→ WORK TASK: Set down the full listing exactly as given. Any pictures are to be left out.

→ SOURCE MATERIAL:
----
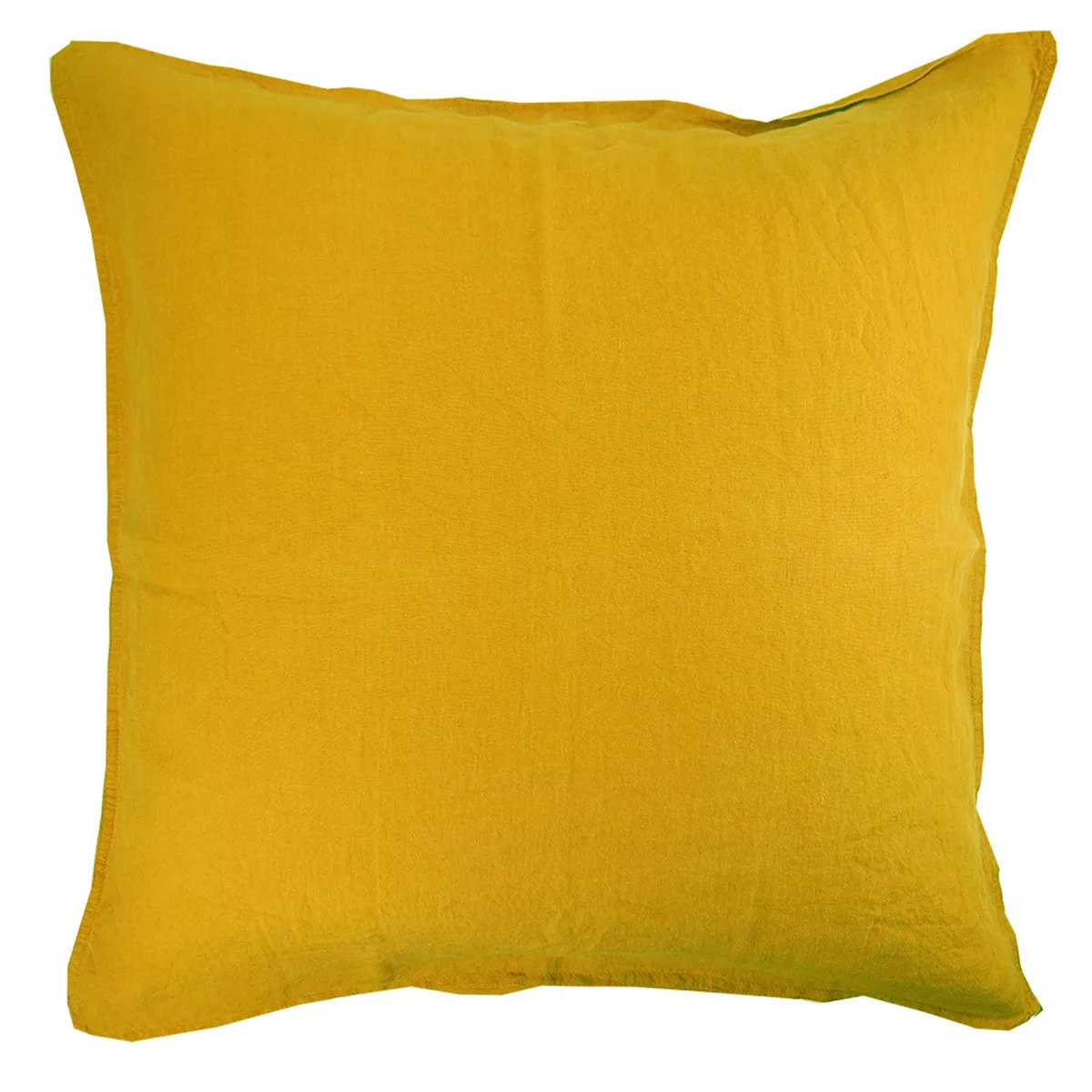 Taie d'oreiller pur lin lavé 160 g/m² uni jaune Syracuse curry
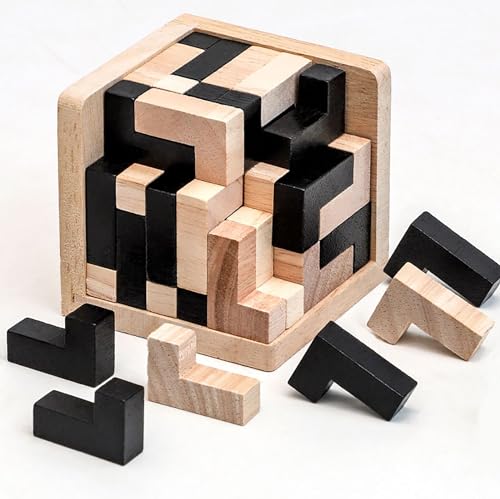 Wooden Brain Teaser Puzzle Cube Wooden Puzzles T-shaped Jigsaw Logic Puzzle Educational Toy for Kids and Adults by AHYUAN (L Shape Black and Natural) - color: L Shape Black and Natural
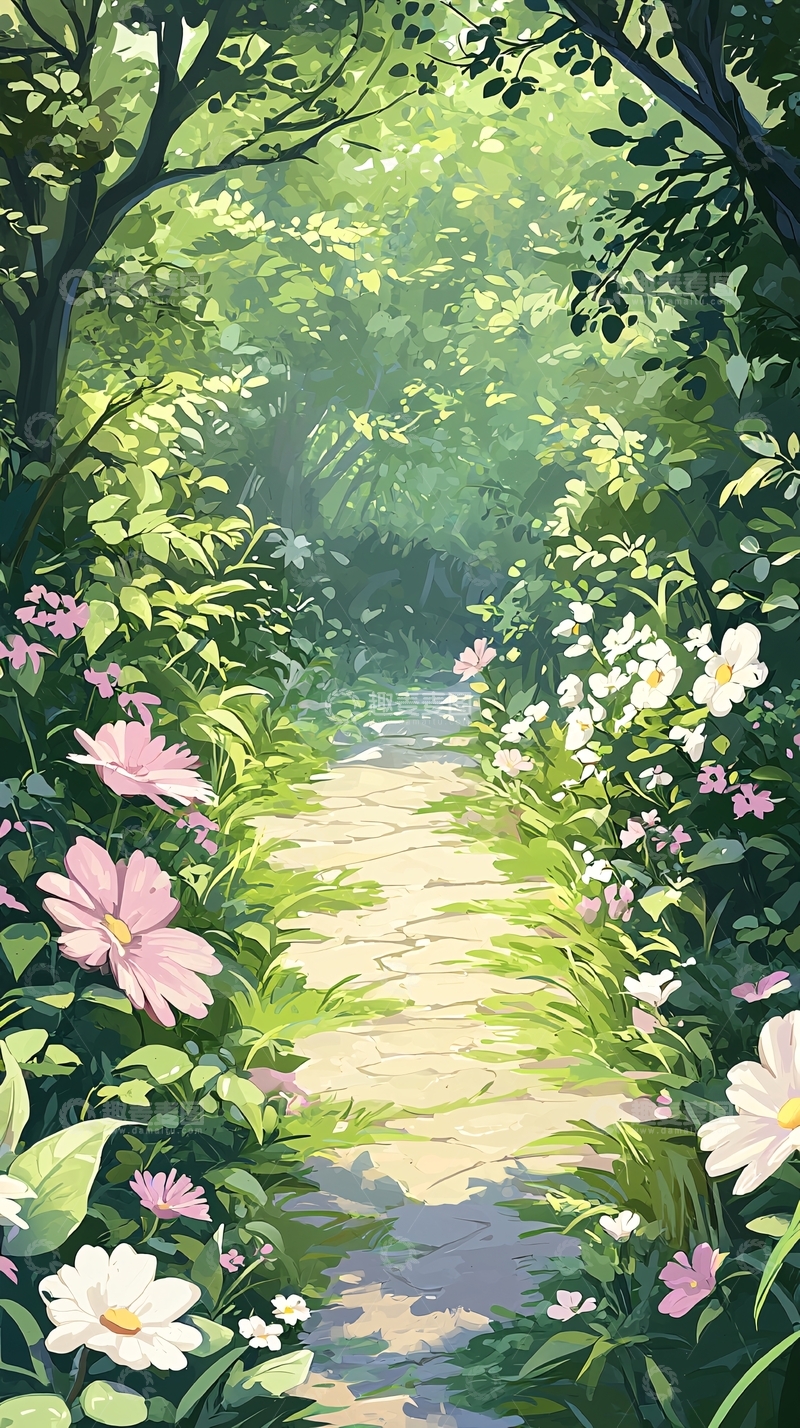 高清大图下载【趣麦麦图】森林小径上的花朵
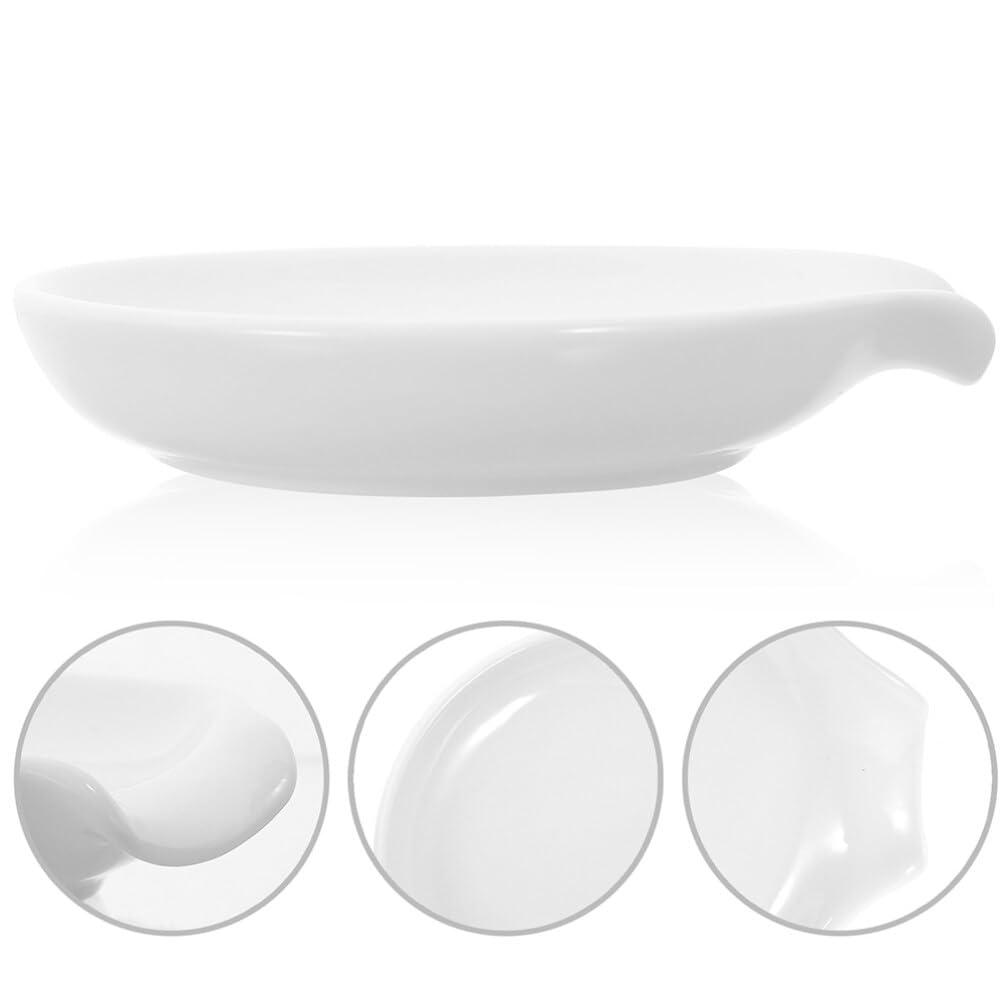 Luxshiny Luxshiny Ceramic Spoon Rest, 4pcs Spoon Holder Coffee Spoon Rest Spoon Cradle Kitchen Spatula Rest Tea Bag Coaster for Countertop Utensils Tongs Cooking Spoon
----
→ RESULT OF THE EXERCISE:
 Taie d'oreiller pur lin lavé 160 g/m² uni jaune Syracuse curry
 Wooden Brain Teaser Puzzle Cube Wooden Puzzles T-shaped Jigsaw Logic Puzzle Educational Toy for Kids and Adults by AHYUAN (L Shape Black and Natural) - color: L Shape Black and Natural
 高清大图下载【趣麦麦图】森林小径上的花朵
 Luxshiny Luxshiny Ceramic Spoon Rest, 4pcs Spoon Holder Coffee Spoon Rest Spoon Cradle Kitchen Spatula Rest Tea Bag Coaster for Countertop Utensils Tongs Cooking Spoon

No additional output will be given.